Lease rentals in respect of assets taken on operating lease are charged on a straight-line basis to the profit and loss account.

12. Other Provisions and Contingent Liabilities

The Company recognises a provision when there is a present obligation as a result of a past event and it is probable that it would involve an outflow of resources and a reliable estimate can be made of the amount of such obligation. Such provisions are not discounted to their present value and are determined based on the managements estimation of the obligation required to settle the obligation at the balance sheet date. These are reviewed at each balance sheet date and adjusted to reflect managements current estimates.

Provision for sales returns is recognised to the extent of estimated margin on expected returns based on past trends.
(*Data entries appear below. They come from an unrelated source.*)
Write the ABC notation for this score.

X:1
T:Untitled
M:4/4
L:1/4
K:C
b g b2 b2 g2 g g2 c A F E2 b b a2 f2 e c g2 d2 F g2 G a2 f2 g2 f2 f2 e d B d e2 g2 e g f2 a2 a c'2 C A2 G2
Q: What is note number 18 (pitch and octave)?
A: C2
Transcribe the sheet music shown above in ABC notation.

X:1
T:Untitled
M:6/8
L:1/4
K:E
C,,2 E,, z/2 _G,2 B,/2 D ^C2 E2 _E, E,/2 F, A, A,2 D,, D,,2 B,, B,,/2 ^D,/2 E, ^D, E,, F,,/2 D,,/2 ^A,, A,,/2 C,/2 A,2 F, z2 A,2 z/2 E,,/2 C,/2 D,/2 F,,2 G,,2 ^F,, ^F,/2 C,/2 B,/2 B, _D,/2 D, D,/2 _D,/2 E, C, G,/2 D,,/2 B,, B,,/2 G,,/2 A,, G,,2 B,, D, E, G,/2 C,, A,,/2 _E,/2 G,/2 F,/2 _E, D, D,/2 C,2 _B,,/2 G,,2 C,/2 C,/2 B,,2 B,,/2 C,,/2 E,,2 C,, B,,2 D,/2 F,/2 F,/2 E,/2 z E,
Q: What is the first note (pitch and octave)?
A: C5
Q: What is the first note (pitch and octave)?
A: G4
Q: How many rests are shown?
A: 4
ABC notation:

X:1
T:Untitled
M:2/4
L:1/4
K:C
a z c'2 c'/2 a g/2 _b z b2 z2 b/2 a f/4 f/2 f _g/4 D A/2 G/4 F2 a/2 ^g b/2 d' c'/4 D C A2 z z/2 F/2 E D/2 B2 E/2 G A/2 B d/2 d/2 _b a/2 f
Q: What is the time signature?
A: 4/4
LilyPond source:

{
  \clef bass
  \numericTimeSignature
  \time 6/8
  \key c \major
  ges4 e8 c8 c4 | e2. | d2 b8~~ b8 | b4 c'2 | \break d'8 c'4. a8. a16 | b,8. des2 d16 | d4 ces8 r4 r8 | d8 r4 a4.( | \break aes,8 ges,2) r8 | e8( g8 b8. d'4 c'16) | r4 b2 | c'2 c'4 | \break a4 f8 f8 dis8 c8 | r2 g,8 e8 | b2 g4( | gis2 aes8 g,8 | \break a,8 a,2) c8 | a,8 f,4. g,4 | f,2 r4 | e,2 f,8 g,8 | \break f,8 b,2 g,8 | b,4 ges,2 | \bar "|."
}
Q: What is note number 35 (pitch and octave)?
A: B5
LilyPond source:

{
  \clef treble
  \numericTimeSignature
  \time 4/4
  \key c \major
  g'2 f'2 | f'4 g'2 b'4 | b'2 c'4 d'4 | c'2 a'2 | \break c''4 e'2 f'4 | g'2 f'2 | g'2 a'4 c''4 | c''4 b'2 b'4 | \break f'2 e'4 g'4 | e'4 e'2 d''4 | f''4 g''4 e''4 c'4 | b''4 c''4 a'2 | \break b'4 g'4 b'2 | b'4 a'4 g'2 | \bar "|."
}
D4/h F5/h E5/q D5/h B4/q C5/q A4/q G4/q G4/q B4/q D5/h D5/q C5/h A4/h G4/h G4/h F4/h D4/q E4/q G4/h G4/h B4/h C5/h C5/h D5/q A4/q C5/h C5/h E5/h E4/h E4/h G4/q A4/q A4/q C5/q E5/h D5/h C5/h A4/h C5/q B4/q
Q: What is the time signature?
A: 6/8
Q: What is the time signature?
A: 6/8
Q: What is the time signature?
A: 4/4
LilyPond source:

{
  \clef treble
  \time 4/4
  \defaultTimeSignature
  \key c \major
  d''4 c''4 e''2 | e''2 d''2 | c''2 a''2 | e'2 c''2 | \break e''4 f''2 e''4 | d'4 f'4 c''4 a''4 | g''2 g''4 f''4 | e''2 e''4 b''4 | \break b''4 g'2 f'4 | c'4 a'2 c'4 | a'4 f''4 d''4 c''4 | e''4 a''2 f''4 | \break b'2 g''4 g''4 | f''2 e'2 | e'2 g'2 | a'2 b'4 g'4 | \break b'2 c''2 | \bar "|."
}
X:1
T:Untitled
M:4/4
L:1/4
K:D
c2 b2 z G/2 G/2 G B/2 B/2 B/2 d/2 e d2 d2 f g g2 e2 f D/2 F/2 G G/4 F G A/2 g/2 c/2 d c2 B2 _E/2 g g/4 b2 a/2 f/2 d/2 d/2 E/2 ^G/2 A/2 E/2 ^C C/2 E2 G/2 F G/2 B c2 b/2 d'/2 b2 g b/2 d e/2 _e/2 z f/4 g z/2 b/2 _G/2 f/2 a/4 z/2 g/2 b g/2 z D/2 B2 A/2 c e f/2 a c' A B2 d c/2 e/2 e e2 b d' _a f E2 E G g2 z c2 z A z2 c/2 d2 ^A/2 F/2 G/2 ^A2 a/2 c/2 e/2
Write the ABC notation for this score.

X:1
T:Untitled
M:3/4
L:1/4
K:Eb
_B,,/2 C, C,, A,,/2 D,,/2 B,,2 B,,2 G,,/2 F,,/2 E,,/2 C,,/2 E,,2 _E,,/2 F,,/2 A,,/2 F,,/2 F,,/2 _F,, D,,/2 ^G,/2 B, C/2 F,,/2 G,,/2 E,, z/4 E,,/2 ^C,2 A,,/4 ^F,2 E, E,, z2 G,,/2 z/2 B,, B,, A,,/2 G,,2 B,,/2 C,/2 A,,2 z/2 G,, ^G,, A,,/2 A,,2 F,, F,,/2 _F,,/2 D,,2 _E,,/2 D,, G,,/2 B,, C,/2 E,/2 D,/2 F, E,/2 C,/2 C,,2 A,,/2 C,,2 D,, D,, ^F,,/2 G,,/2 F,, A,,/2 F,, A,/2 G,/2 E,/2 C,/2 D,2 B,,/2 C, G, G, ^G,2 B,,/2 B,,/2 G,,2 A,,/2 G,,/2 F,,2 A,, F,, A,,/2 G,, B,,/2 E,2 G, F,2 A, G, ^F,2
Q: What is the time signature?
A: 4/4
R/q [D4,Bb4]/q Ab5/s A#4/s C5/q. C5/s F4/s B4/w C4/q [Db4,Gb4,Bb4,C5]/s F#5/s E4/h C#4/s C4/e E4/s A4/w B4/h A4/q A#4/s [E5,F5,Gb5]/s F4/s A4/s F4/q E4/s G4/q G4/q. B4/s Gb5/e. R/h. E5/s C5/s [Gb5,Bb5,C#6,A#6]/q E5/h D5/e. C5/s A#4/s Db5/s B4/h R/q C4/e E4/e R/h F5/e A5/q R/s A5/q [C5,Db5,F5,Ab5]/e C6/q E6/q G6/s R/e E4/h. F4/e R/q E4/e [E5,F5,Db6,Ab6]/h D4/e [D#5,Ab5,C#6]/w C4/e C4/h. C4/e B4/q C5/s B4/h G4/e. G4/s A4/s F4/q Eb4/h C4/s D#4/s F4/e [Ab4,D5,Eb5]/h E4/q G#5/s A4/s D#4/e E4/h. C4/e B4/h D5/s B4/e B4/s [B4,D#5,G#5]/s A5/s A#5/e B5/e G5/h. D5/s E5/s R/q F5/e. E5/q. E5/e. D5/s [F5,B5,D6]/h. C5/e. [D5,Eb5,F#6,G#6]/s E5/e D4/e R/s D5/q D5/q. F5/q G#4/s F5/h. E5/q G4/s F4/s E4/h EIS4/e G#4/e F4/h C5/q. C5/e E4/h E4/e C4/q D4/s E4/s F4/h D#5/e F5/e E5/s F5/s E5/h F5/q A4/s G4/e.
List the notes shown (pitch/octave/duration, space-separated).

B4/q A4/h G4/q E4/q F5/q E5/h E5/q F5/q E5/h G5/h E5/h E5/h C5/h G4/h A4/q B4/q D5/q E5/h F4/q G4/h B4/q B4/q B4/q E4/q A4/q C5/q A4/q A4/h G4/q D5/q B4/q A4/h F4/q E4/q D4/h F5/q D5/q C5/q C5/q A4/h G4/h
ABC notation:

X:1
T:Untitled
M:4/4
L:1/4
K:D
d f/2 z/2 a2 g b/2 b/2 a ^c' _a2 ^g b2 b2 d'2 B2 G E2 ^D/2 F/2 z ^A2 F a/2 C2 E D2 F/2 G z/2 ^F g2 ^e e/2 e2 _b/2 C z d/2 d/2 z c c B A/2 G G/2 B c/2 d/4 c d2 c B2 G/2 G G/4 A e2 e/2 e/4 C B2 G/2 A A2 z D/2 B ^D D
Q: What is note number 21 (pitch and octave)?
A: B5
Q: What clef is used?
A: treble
A disclosure for a contingent liability is made where it is more likely than not that a present obligation or possible obligation may result in or involve an outflow of resources. When no present or possible obligation exists and the possibility of an outflow of resources is remote, no disclosure is made.

13. Earnings per share

Basic earnings per share are computed using the weighted average number of equity shares outstanding during the year. Diluted earnings per share are computed using the weighted average number of equity and dilutive potential equity shares outstanding during the year, except where the results would be anti-dilutive.